The Austrian Criminal Code stipulates in Section 15 (3): "The attempt and participation in it are not punishable if the completion of the act due to a lack of personal characteristics or circumstances that the law requires of the agent, or according to the type of act or object, on which the act was committed was not possible under any circumstances. ”The corresponding provision of the Swiss Criminal Code reads:“ The perpetrator, due to gross misunderstanding, fails to recognize that the act depends on the type of object or means on or with which he wants to carry it out , cannot reach perfection at all, he remains unpunished. "

Anyone who wanted to convict someone in a constitutional state for “conjuring up an angel of death” would have to prove that

  • conjuring up an angel of death is a criminal offense
  • there are angels (here: angel of death),
  • these are basically controllable by humans and
  • the suspect belongs to the privileged group of people who can do this.

Maximilian Becker illustrates the thesis that lawyers committed to the Enlightenment cannot respond to attempts to harm people through magic by imposing a penalty: “If the A is at home in a holy place at midnight with a full moon If B was lying in bed, and B died of a heart attack a few minutes later, it would not occur to anyone to punish A for a committed homicide. ”Also , do not try this one who is praying for the death of his neighbor to kill, just think he's trying.

Africa and Asia

In 2011, in Saudi Arabia , a woman was beheaded as a "witch" who had claimed that she could cure diseases supernaturally and had been paid for her alleged abilities.

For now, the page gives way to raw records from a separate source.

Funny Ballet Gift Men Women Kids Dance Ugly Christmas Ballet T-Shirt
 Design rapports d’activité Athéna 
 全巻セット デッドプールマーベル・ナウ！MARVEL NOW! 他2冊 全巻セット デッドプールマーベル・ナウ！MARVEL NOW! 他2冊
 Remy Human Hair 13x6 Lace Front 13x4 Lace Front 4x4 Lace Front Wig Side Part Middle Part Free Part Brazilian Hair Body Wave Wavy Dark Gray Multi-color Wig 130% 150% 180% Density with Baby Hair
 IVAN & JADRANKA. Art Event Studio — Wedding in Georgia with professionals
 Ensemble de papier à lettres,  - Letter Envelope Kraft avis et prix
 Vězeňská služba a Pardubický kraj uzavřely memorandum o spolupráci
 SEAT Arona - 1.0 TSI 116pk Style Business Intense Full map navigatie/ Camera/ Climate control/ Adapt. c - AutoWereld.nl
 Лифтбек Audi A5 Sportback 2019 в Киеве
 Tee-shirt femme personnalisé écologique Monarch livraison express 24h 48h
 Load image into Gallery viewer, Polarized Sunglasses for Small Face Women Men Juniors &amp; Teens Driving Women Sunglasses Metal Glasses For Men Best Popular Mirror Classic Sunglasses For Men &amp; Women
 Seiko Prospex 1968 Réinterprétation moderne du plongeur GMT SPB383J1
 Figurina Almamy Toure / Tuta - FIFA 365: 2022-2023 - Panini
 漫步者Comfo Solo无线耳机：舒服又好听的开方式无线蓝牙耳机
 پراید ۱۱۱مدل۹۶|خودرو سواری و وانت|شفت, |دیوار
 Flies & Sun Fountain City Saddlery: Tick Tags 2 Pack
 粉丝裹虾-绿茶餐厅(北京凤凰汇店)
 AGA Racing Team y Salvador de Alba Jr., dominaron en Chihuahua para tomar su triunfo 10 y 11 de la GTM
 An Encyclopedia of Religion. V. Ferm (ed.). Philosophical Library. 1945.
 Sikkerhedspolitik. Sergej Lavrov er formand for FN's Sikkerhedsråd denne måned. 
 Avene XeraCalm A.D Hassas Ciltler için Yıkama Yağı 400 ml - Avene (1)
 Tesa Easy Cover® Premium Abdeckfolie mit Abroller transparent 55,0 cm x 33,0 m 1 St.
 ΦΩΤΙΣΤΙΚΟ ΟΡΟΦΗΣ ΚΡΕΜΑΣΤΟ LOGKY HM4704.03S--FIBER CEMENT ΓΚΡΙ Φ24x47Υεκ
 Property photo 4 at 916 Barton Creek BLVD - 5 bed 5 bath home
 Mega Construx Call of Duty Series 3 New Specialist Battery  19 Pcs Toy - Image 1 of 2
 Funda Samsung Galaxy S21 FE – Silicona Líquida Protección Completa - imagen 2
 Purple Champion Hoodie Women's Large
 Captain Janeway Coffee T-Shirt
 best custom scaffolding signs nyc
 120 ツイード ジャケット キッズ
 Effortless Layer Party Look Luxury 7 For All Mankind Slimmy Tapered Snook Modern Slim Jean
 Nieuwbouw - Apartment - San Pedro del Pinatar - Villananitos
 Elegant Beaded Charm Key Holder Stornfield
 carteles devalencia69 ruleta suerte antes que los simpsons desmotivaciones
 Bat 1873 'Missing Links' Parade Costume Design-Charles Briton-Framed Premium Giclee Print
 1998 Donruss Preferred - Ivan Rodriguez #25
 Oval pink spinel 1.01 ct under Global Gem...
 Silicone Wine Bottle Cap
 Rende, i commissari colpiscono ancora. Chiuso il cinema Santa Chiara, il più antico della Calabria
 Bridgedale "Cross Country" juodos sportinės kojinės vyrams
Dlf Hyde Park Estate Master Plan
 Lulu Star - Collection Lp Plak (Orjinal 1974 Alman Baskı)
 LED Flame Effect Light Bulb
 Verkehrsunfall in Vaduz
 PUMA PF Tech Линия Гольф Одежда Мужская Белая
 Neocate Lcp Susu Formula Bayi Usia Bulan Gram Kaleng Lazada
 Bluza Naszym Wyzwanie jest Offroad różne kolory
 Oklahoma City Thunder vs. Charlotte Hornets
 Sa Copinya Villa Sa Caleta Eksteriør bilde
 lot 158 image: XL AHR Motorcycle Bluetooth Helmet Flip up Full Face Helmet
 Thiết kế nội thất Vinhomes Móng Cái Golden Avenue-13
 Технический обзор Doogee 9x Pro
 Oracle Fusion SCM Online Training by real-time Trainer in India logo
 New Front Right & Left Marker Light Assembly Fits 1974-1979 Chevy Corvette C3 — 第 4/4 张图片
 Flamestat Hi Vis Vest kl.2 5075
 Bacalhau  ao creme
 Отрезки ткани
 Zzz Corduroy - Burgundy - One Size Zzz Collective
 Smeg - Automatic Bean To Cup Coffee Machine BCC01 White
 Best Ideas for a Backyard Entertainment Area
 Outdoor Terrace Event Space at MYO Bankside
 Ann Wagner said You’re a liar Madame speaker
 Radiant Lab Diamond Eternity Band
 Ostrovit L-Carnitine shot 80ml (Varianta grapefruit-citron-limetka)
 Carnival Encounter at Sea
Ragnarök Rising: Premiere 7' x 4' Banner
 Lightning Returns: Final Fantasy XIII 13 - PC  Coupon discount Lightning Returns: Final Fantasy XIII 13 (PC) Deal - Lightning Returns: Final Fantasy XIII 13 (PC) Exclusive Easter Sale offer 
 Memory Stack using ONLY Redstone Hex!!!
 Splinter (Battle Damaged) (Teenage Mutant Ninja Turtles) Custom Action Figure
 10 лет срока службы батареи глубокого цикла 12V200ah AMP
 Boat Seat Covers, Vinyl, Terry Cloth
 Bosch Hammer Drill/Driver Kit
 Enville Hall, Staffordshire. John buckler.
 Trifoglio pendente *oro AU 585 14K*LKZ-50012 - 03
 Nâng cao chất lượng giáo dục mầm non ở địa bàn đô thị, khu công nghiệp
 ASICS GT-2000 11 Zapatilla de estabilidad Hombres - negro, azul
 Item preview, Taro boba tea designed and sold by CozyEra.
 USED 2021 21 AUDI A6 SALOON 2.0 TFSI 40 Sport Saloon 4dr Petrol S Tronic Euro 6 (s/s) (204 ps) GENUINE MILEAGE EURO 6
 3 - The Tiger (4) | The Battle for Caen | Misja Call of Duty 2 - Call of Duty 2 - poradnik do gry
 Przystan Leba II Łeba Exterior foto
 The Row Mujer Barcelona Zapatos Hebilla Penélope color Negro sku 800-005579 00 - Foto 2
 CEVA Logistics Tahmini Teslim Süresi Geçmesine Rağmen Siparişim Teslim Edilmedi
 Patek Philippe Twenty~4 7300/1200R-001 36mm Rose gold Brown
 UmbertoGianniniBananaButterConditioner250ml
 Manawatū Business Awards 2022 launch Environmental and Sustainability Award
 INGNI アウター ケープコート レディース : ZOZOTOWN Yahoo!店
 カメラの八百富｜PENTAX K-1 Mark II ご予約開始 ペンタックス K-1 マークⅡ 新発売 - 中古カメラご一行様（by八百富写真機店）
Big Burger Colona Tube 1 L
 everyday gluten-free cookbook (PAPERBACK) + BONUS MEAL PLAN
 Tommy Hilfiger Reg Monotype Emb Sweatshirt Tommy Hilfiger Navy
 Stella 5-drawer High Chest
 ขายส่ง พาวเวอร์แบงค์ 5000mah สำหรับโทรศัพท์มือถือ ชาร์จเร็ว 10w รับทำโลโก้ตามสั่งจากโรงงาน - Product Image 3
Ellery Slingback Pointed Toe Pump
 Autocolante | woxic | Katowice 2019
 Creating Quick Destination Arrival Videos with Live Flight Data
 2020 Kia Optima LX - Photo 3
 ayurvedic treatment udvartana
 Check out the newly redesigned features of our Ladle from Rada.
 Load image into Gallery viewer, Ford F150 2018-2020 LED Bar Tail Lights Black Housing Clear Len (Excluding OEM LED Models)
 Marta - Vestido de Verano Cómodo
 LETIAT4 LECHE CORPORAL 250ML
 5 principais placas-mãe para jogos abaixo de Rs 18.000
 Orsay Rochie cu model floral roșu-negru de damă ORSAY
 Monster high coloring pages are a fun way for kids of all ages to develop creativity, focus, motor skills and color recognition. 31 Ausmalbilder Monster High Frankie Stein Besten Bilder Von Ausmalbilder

Until 2013 "witchcraft" could be punished by law in Papua New Guinea . Perpetrators who justified assaults on women on the grounds that they had been "bewitched" by them could expect to receive extenuating circumstances from the country's judiciary.

On July 16, 2008, the federal government replied to a major question from members of the Bündnis 90 / Die Grünen parliamentary group on the subject of "Witchcraft and Wizardry in Africa":

In the African countries, which criminalize “witchcraft” and “sorcery”, there is no uniform practice with regard to the application of the corresponding criminal law clauses. In some countries, due to the relevant legal provisions, criminal prosecution generally takes place ( Gabon , Malawi , Namibia , Zambia , Tanzania , Democratic Republic of the Congo and Republic of the Congo ), in other countries there is no criminal prosecution in most cases, despite the existing legal basis. In a number of countries, acts associated with “witchcraft” and “sorcery” are only punished if they are also criminally relevant, such as murder, assault, disturbance of public order ( Benin , Côte d'Ivoire , Gambia , Guinea Bissau , Cameroon , Cape Verde , Kenya , Nigeria , Senegal , Chad and Uganda ). Ghana and Sudan are special cases . In Ghana, women are persecuted on the basis of arbitrary accusations despite the lack of criminal regulations. Non-governmental organizations estimate the number of women deported to so-called “witch camps” at around 3,000. In Sudan, too, there are occasional riots against women who are accused of “witchcraft” without the state adequately fulfilling its protective function.
The Federal Government takes the view that acts in connection with “witchcraft” and “sorcery”, which constitute an attack on the physical integrity of people, must be prosecuted.

"New Witches"

Wicca ceremony in Avebury (May 2005)

The concept of witch in the European-American cultural area has undergone a fundamental change apart from the mainstream shaped by the Enlightenment . By Margaret Alice Murray's book Witch-Cult in Western Europe of witches term was brought home in a new concept to the public in 1921 (Witch-Cult in Western Europe). With the reception of early research on witch hunts (including Jules Michelet in his less systematic and more intuitive and romantic historical work La Sorcière ) by the alternative scene and the women's movement, in particular the idea that witches were actually wise women who were Rulers were persecuted, the witch's topos offers a wide spectrum of identification for neo-paganism and the esoteric scene .

The term witch is re-understood in a positive way. Nowadays, many women who deal with medicinal herbs and the old European religions call themselves witches.

Mention should be made here especially the Wicca - Religion , which sees itself as a new form of pagan "nature religion" of the witches in the US has many followers and is recognized there as a religion. The Celtic Witches specifically refer to roots in Celtic mythology and religion.

Male witches

Today men sometimes refer to themselves as "witches", but also as sorcerers , wizards or sorcerers.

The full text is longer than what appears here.